Greg Walden is seeking his ninth term in the U.S. House of Representatives, representing eastern Oregon in the 2nd Congressional District.
Walden’s foe in the Republican primary is Dennis B. Linthicum of Beatty in Klamath County. His first primary challenger since 2006, Walden questioned Linthicum’s stands describing Social Security and Medicare as unconstitutional, and the strict constitutionalist’s interest in seeing U.S. Senators appointed, rather than elected, as the Constitution originally prescribed.
Longevity and experience give a congressman some advantages in serving his constituents, Walden said in a recent interview.

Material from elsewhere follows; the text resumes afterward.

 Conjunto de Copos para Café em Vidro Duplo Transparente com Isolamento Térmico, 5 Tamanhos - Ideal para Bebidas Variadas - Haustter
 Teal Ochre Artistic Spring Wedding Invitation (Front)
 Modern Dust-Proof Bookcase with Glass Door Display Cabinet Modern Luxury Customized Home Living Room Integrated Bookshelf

“I think this district is so big and there are so many individual sets of issues that you can begin to have a much stronger grasp of people and problems in each location,” he said. He cited his experience dealing with issues like the Fort Dalles Readiness Center, which took years to accomplish.
Gaining seniority in the House and familiarity with its party leaders is also a good thing, Walden said.

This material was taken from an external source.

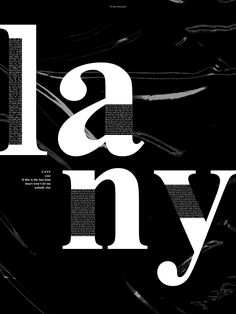 black and white typogramic typeface with the word lary written in it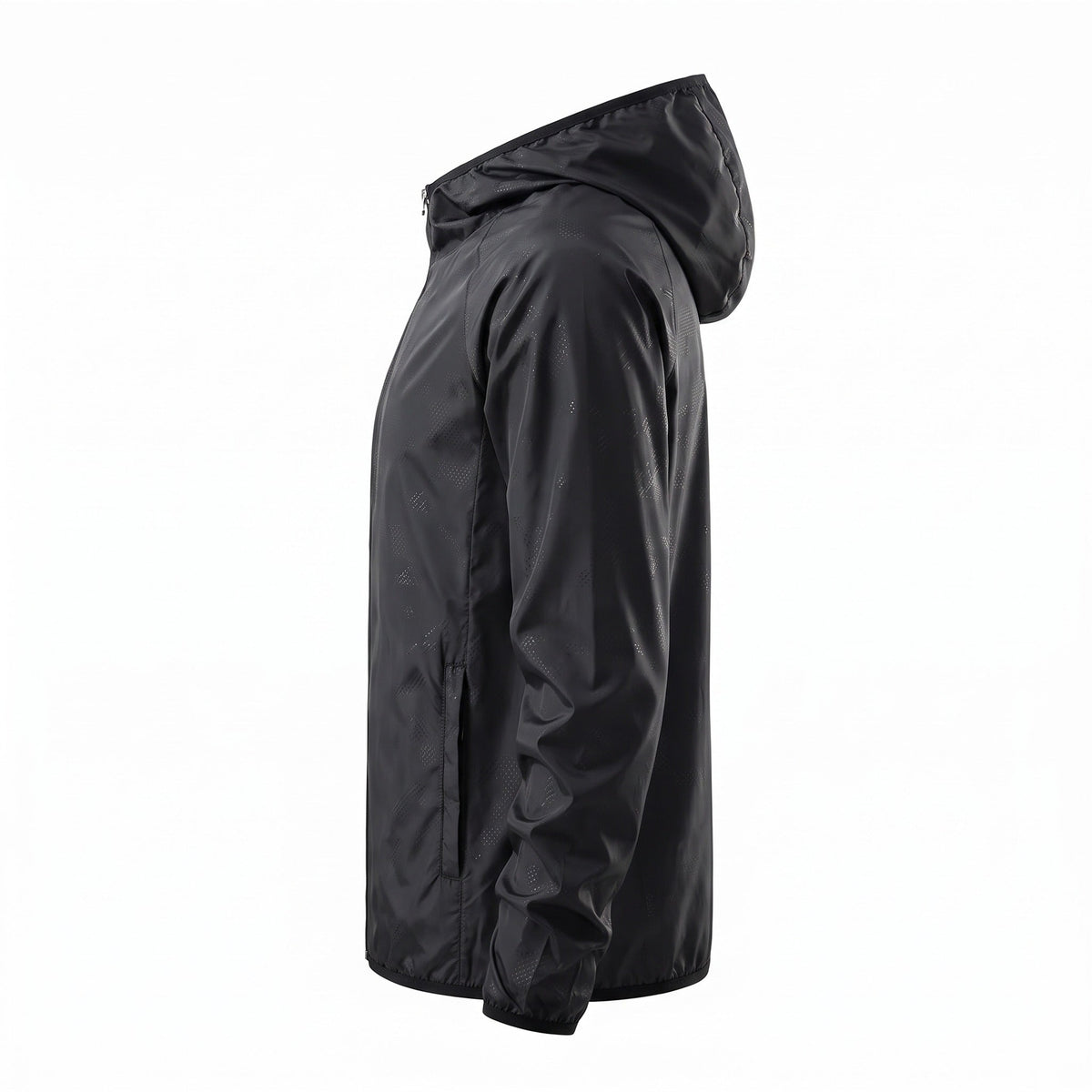 Black hooded jacket shown on mannequin, side view with zipper closed | Chaps London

“It allows you a little more throw weight when you want to get things done,” he said.
Despite public perception of polarity within Congress, Walden said successful legislation involves working across party lines.
“The forestry bill is an example of that,” Walden said. “Peter DeFazio, Kurt Schrader and I worked for three-and-a-half years to develop bipartisan forestry legislation. That’s about as hot a topic as you can get in Oregon. It passed last September.
“We got the bill done and it will keep the coastal counties from going insolvent, and generate 3,000 jobs and $100 million in revenue.”
Other bipartisan bills he has played a role in include an Internet freedom bill, one on reporting and one on Bowman Dam in Prineville.
“There are ways to work the process to get things done,” he said. “Also there are philosophical differences between liberals and conservatives, Republicans and Democrats that you’re never going to breach. If you do, you have something called a dictatorship.”
One of the challenges that Walden said affects perception of the conflict is electronically dispersed rhetoric.
“It makes governing more difficult,” he said. “Literally every word I utter now can go global — and does on occasion. Even if [the quotes] aren’t accurate. I’m amazed at the inaccurate information out there.”
Walden touched on a number of issues relevant to his constituency:
Farm Bill: “We got some reforms and we got some costs down,” he said. He cited importance of research funded by the bill, especially on issues of food and water safety, and the looming possibility of a sage grouse listing. “If we don’t stay ahead of the listing, it can make the spotted owl look like child’s play.”
Hanford: “We have to continue to be very vigilant to be sure the cleanup continues to progress,” he said. Oregon remains at the table, along with Washington, because of the risk to populations in both states. “Cleanup is proceeding pretty much according to plan but, clearly, we’ve got to make sure the containers don’t leak, either.”
Yucca Mountain: “The administration unilaterally and probably illegally put a stop to any future consideration of it,” Walden said. “The issue is in the courts right now … We need to secure a national repository. Absent that, you’re storing all this nuclear waste at individual locations across the country. You are better served with a common location with appropriate security.”
Hazardous material shipping through the Columbia Gorge: Walden suspects more hazardous waste is shipped through the gorge than the oil shipments that have been the topic of a recent Oregonian series. “We’ve got to make sure the rail cars are safe, appropriate spill cleanup mechanisms are in place and first-responders know what to do,” he said. He said the current discussion is tied into the debate over climate change. However, he questioned the advisability of publicly posting identifying materials shipped through the gorge because of threat of terrorism.
Running the Republican House campaign: “I’m trying to recruit and elect people who, when they get to Washington know that they are supposed to govern. That’s not always easy. It’s easy to throw rocks, especially when you’re in the minority. But when you catch the bus, you’re supposed to drive the bus.”
Walden said he has worked to improve legislative processes, including publishing bills three calendar days before a vote, more open rules, hold floor votes only after 1 p.m. most days so they won’t interrupt committee meetings, and implementing bipartisan work groups for “deep dives” into issues.